Siamo più di 400 persone da diversi Paesi tutti scappati da dittature e siamo qui per cercare protezione.
Innanzi tutto il nostro problema non è politico, ma è umanitario. Come abbiamo detto, siamo Eritrei, Etiopi, Somali, Sudanesi così noi chiediamo allo Stato Italiano di rispettare i nostri diritti di "status" di rifugiati politici, perché il governo italiano ci ha lasciato come spazzatura e allo stesso tempo siamo obbligati a vivere in Italia per le nostre impronte digitali.
Così da due giorni siamo senza cibo e nessuno ci sta ascoltando.

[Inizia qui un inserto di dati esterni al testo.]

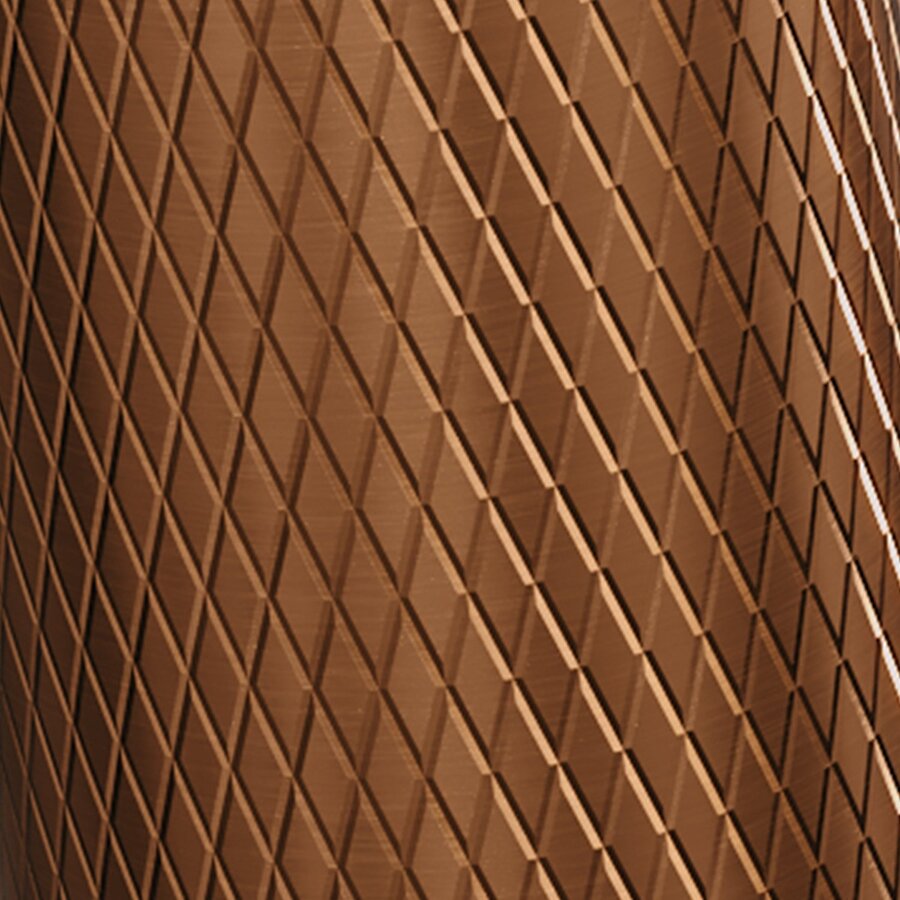 Opbouw Fonteinkraan Brauer Copper Carving Edition Met Gebogen Uitloop Koper Geborsteld PVD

Per noi rifugiati, come sapete, la comunità europea paga milioni di euro al governo italiano e noi stiamo chiedendo dove sono finiti tutti i nostri soldi, se loro non vogliono che viviamo in Italia buttate le nostre impronte digitali e noi troveremo la soluzione ai nostri problemi.
I rifugiati, occupanti di via Senigallia 6
Quanto successo oggi a Bruzzano è indegno per Milano. Le scelte della Prefettura, o di chiunque abbia deciso, sono irresponsabili e inaccettabili.
Stamattina alle 8.30 ingenti forze di polizia hanno circondato e blindato l’ex-residence occupato fin dalla notte di venerdì scorso da 300 profughi. Tutti loro, senza eccezione alcuna, si erano ieri sottoposti volontariamente al censimento della Questura di Milano. E tutti sono risultati essere quello che dicevano sin dall’inizio: rifugiati in possesso di regolari documenti rilasciati dallo Stato italiano, che attestano la loro condizione.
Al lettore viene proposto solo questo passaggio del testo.